Mass-Observation: Mapping the Elephant
Introduction by Peter A. Hall
The Mass Observation group was founded in 1937 to promote an "anthropology of ourselves" with subversive intent. Its organizers invited the public to observe in writing everyday life in Britain, in order to expose facts "in simple terms to all observers, so that their environment may be understood, and thus constantly transformed." Drawing from Surrealist notions that a liberated unconscious would lead to a societal revolution, Charles Madge, a Communist, poet and journalist, Humphrey Jennings, a Surrealist painter and documentary filmmaker and Tom Harrisson, an anthropologist, then published what they called "weather-maps of public feeling".
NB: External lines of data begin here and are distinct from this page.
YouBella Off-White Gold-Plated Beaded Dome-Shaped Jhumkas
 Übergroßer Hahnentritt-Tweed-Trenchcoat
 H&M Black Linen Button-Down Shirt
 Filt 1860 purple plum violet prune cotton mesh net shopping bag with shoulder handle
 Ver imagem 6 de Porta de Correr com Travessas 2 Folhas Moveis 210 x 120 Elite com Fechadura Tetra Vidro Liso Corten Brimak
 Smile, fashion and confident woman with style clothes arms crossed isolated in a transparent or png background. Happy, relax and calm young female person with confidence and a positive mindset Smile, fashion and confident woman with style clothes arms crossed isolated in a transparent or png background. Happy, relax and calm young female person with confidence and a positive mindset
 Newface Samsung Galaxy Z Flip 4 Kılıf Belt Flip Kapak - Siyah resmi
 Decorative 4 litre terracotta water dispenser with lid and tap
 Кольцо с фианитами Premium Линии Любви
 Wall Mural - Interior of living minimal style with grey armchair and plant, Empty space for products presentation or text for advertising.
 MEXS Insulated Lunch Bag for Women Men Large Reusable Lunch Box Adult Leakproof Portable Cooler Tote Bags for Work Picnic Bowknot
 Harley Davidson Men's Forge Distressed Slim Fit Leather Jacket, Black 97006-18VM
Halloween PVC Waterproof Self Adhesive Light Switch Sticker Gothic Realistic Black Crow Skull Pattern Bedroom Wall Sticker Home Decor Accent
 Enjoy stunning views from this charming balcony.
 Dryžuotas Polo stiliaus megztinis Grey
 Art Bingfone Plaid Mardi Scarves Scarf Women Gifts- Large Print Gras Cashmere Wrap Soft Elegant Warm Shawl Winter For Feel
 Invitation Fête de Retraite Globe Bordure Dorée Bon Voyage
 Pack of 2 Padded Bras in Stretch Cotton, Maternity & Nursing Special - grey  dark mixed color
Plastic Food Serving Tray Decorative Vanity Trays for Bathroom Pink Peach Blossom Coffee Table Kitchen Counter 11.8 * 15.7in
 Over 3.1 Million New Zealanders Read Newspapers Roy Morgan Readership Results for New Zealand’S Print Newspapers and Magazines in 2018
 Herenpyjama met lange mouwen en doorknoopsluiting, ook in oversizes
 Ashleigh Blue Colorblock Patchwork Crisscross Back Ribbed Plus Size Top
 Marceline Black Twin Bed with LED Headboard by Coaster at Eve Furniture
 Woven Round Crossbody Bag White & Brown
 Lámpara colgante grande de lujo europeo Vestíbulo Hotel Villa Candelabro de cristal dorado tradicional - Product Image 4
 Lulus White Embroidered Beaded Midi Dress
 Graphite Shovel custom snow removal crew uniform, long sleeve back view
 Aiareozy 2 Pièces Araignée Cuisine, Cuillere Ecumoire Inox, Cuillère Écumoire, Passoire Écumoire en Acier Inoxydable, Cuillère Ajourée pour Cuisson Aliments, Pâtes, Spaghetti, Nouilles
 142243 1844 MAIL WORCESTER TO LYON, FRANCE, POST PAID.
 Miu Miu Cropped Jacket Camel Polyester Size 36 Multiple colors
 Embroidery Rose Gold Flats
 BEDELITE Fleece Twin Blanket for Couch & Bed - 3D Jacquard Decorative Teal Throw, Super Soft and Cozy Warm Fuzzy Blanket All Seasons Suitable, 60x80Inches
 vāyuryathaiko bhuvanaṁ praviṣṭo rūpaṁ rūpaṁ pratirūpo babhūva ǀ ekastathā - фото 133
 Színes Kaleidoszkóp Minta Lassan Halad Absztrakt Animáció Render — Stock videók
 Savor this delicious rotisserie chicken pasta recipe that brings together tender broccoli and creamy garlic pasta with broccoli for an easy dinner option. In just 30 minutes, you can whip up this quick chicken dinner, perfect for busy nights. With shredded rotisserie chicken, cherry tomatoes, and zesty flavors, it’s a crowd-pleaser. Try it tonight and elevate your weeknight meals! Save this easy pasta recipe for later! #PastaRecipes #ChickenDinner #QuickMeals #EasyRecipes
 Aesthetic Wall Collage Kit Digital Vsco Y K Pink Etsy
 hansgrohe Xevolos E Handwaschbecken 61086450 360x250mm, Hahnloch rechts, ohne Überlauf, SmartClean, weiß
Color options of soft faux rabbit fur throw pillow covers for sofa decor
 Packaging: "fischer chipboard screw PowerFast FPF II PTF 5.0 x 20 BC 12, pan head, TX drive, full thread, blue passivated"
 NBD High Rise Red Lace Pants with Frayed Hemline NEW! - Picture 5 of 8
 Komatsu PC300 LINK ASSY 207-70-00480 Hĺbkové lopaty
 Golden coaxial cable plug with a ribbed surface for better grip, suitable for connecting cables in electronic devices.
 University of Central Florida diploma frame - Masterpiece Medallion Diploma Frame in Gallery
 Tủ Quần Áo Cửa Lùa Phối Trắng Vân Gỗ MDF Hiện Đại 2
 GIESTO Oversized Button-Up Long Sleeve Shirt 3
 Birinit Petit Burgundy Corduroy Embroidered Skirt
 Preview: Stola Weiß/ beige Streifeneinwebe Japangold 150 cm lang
Their most famous project, published as May the Twelfth: Mass-Observation Day-Surveys 1937 by Over Two Hundred Observers captured observations made during festivities on the day of the coronation of George VI, arranging them with a filmic editing technique. In a sense, Mass Observation was envisioned as a response, by the masses, to mass media. Although the initial movement was short-lived, and criticized by anthropologists as unscientific, it left an intriguing body of texts, a participatory literature of snapshots of everyday life; a kind of Twitter feed in longer, and crafted form.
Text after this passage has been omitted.